OTTAWA – ELECTION 2015 – Jason Kenney has outlined an $8 billion hole in the NDP’s reckless spending plans. He called on Thomas Mulcair to come clean with Canadians on how he plans to pay for the billions upon billions of new spending promises.
New NDP spending promises total $13.8 billion in the first year, growing to $34.5 billion when fully implemented. This total does not even include 125 promises not yet costed. But even the NDP’s job killing tax hike on business and taking away benefits for families does not even come close to covering the cost of these new promises, leaving Canadian taxpayers on the hook for $8 billion.
This means the NDP will impose massive tax hikes on Canadian families – on top of the tax hikes the NDP has already promised.
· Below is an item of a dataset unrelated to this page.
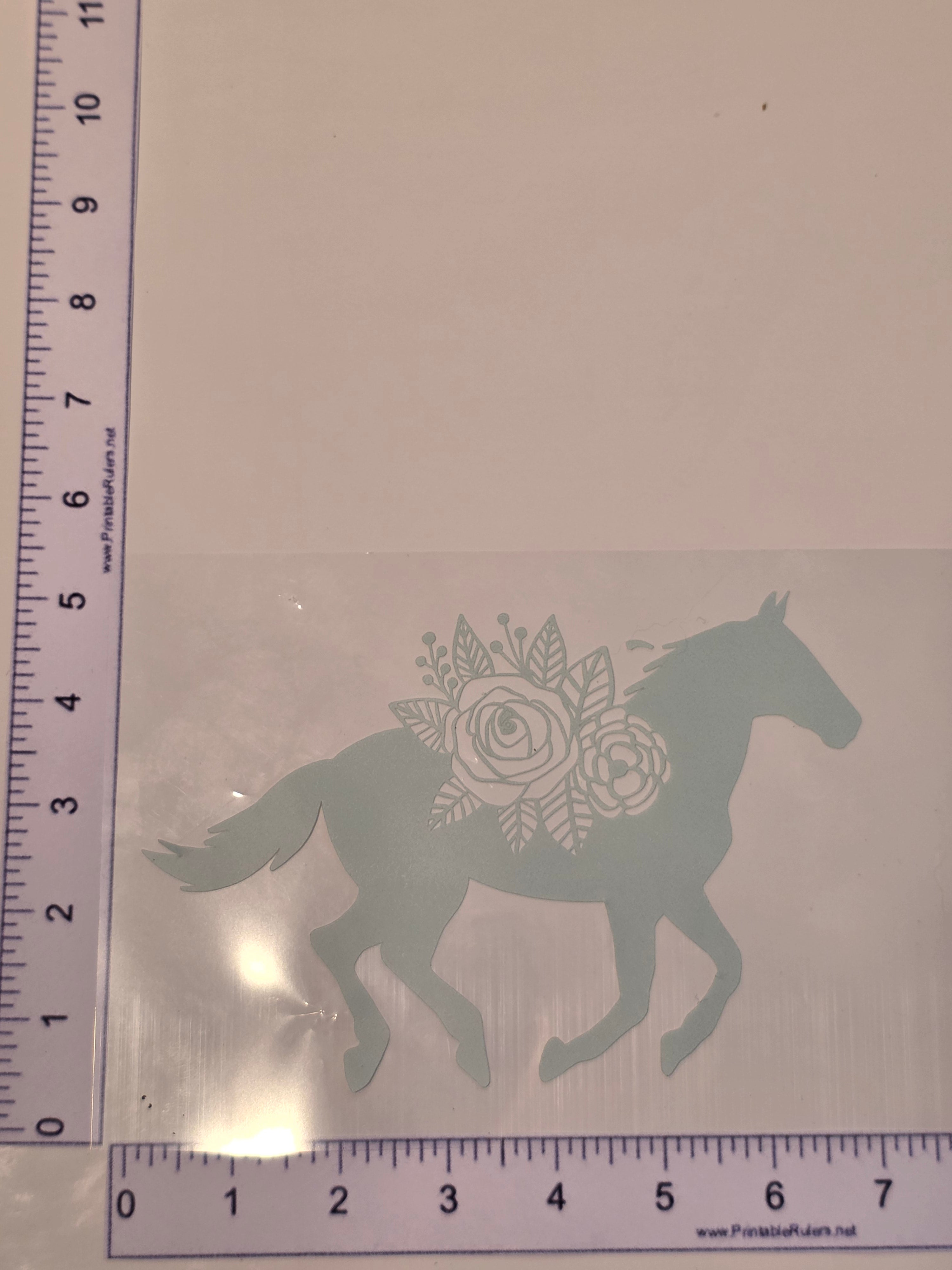 Mint Green Floral Horse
“Canadians can’t afford the NDP,” Kenney said. “We are only a third of the way through this campaign and already their reckless spending would mean massive tax hikes. The NDP have said they would raise taxes on our job-creators, cancel income splitting for Canadian families as well as the recent TFSA increases, but this still leaves them with the need for at least $8 billion in additional taxes in year one alone – the year they claim they will also balance the budget.”
Since becoming leader, Mulcair and his NDP team have promised impractical increases in EI spending, a massive government-run daycare scheme that would benefit only a small percentage of Canadian families, questionable investments in green energy, a massive social housing plan, and a $9 billion dollar increase in spending for foreign aid.
This is a clear contrast with the approach of Prime Minister Stephen Harper who has cut taxes for Canadian families while keeping our economy strong. Conservatives have lowered the tax burden for the average Canadian family by $6,600, all while preserving programs Canadians count on and balancing the budget.
“Tax increases to pay for the NDP’s reckless promises would wreck our economy,” Kenney said. “Canadians already know that the NDP cannot control spending, and their promises just prove that.”
“In this election every Canadian voter needs to ask the simple question,” Kenney concluded, “Which leader has the proven experience to keep our economy strong?”